*** Material for this task Section Begins ***

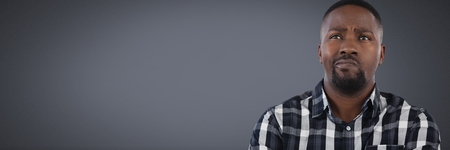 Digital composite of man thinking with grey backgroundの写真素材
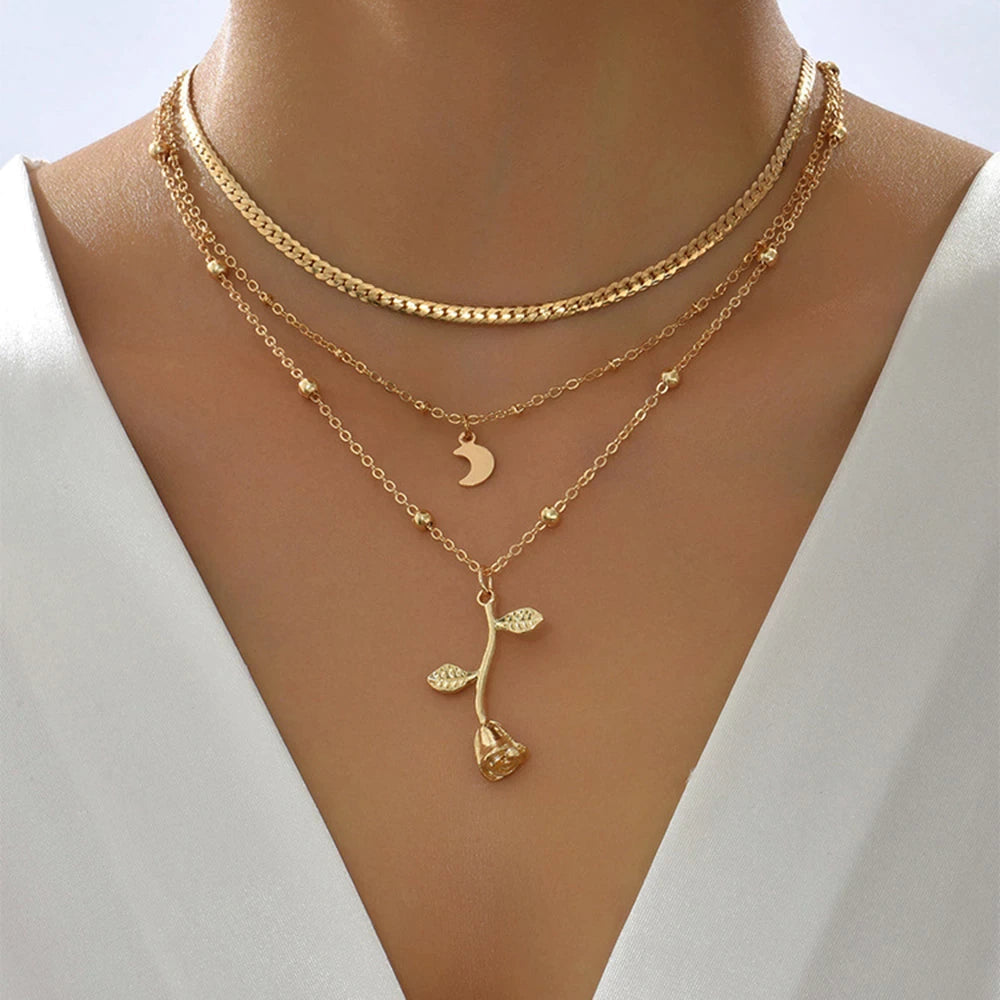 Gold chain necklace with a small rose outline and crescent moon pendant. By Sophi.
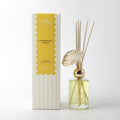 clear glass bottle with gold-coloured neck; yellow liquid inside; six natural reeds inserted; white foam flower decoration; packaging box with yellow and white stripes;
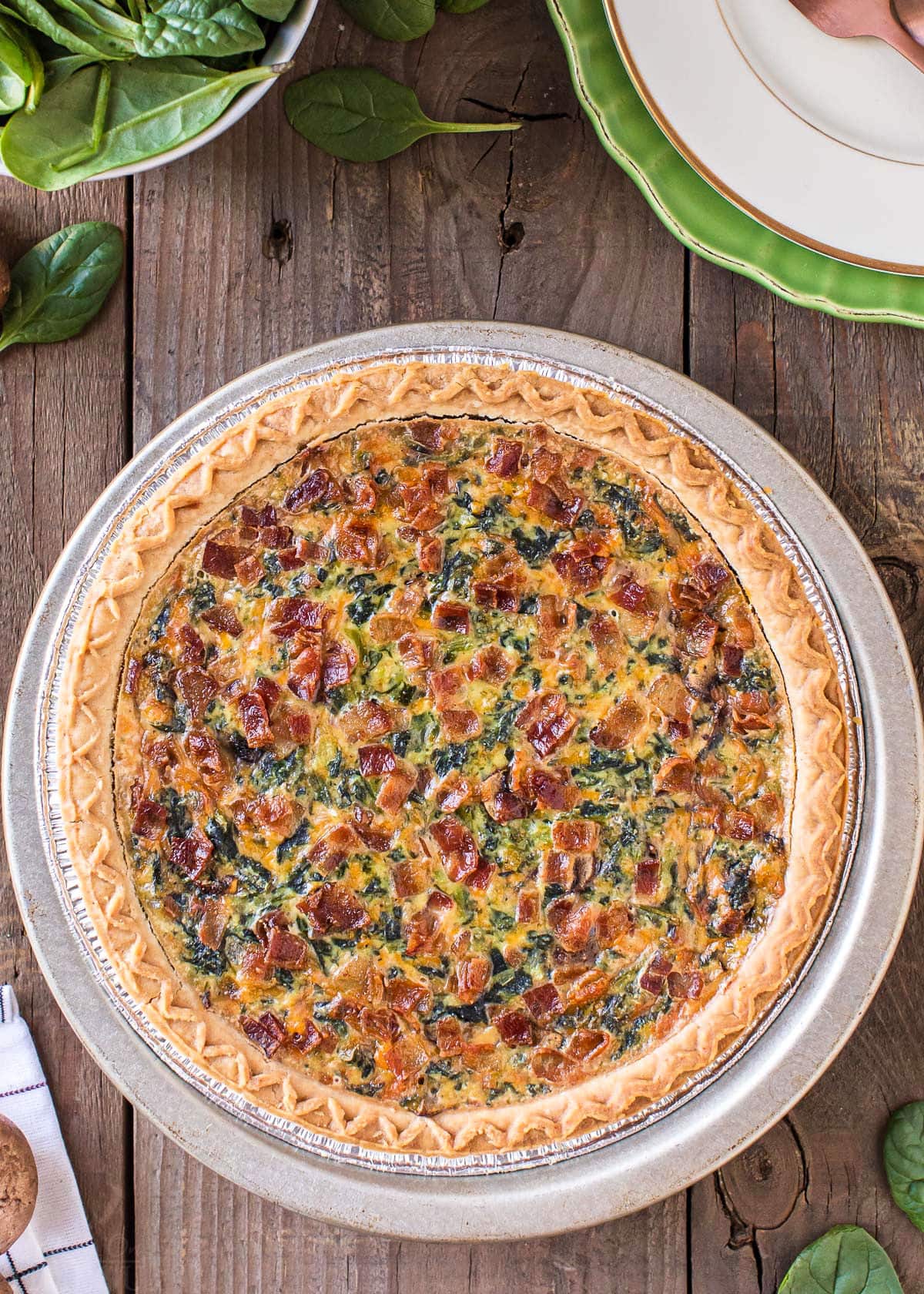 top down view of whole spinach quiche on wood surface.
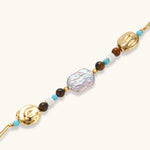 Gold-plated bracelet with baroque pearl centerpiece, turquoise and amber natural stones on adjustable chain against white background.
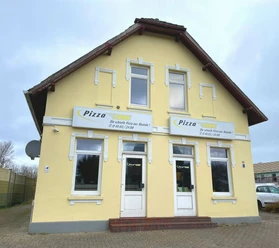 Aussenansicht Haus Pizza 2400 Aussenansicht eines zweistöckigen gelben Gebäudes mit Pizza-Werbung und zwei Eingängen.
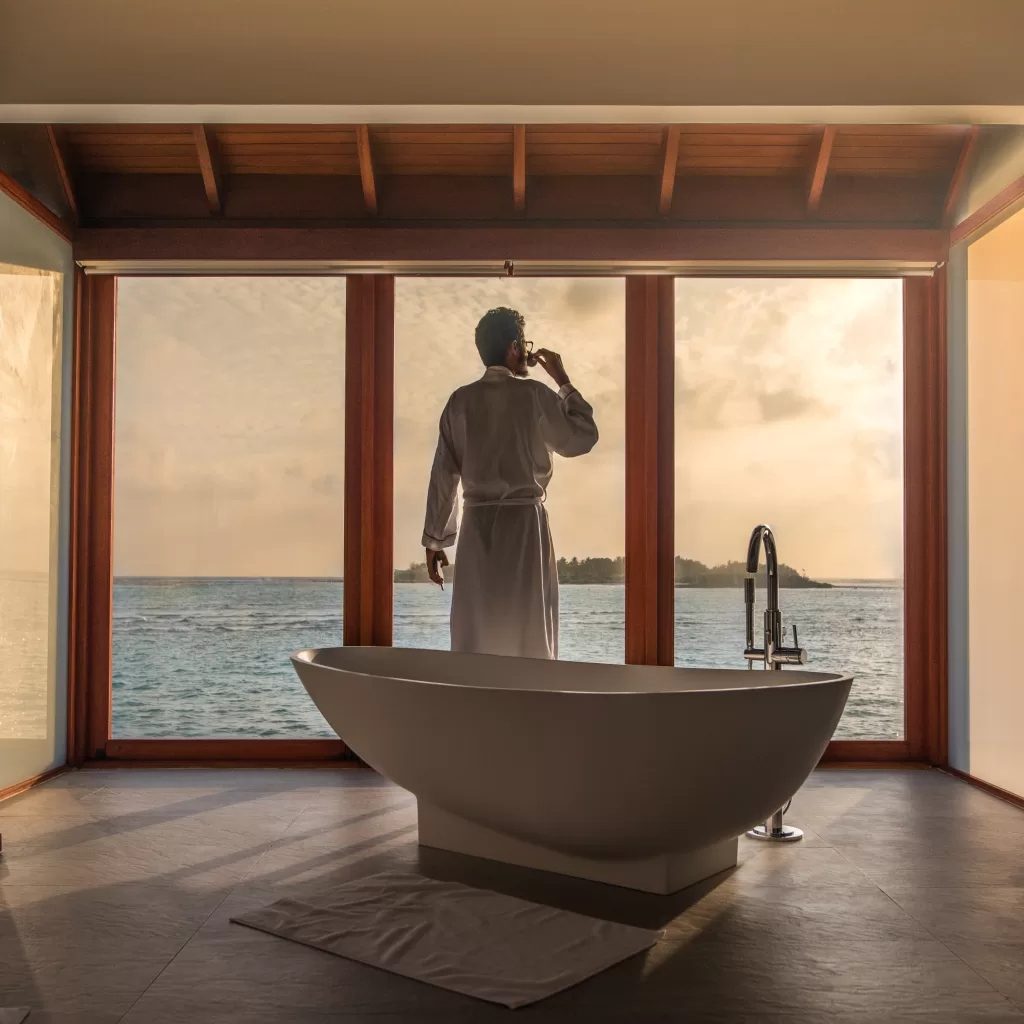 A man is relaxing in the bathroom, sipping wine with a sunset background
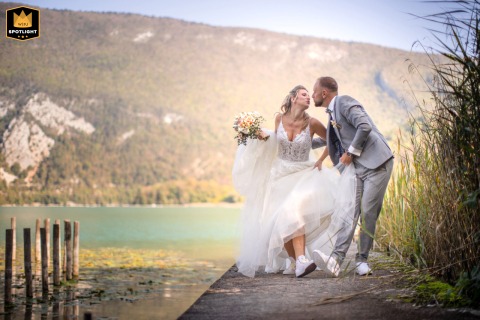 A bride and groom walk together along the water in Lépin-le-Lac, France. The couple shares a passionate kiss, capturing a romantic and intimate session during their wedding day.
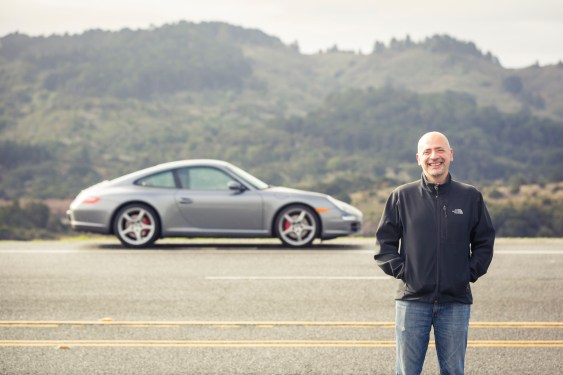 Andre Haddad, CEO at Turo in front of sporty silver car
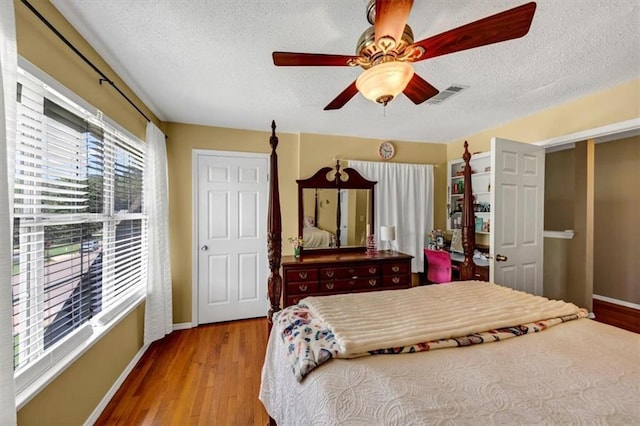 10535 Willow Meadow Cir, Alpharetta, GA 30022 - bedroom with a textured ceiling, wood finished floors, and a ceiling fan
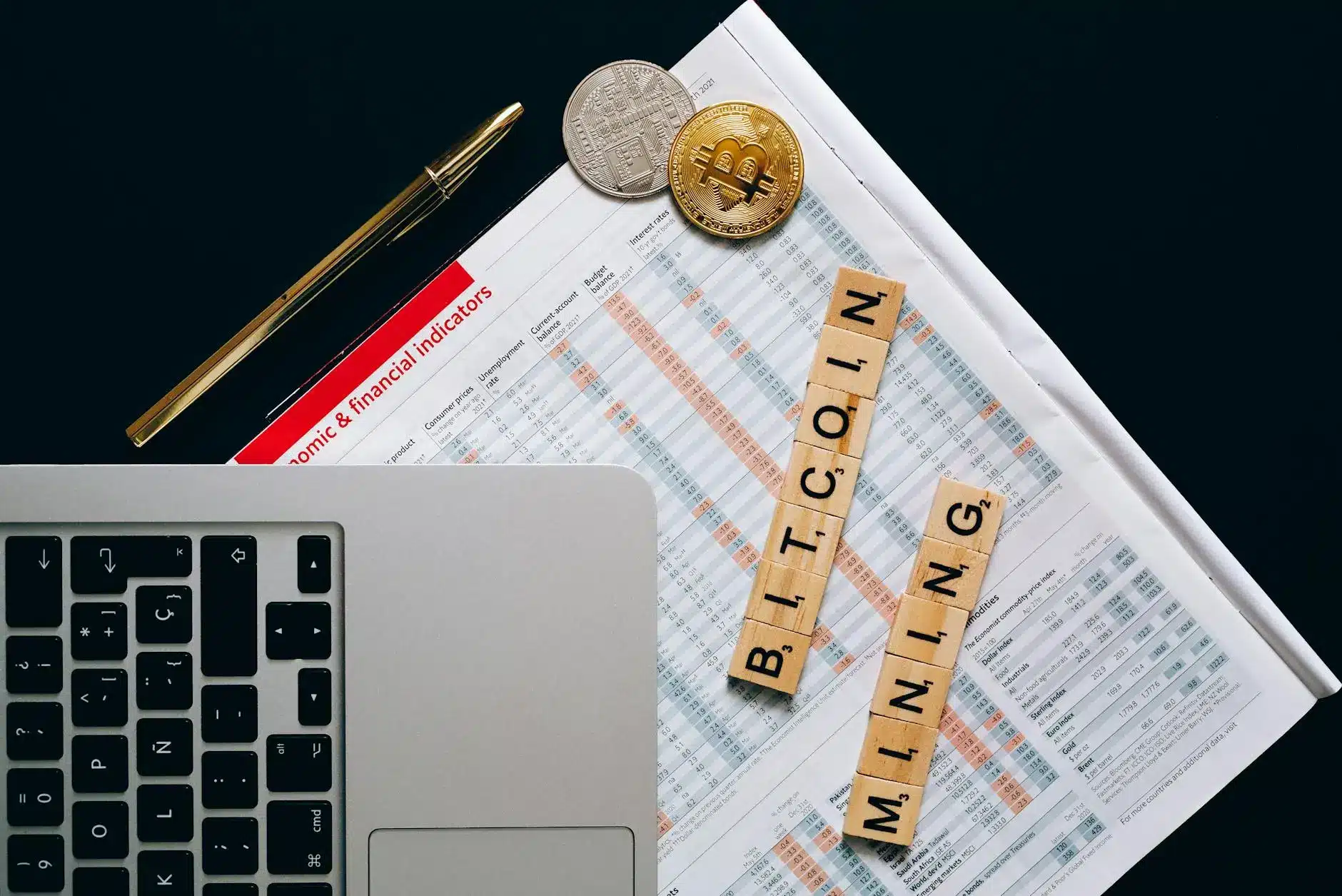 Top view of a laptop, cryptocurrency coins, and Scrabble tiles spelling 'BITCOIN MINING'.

*** Material for this task Section Ends ***

*Task requirements*.
All lines from the one containing "A bride and" through the end of the data are to be written out exactly, with nothing added; skip the pictures.

*Exercise output*.
 A bride and groom walk together along the water in Lépin-le-Lac, France. The couple shares a passionate kiss, capturing a romantic and intimate session during their wedding day.
 Andre Haddad, CEO at Turo in front of sporty silver car
 10535 Willow Meadow Cir, Alpharetta, GA 30022 - bedroom with a textured ceiling, wood finished floors, and a ceiling fan
 Top view of a laptop, cryptocurrency coins, and Scrabble tiles spelling 'BITCOIN MINING'.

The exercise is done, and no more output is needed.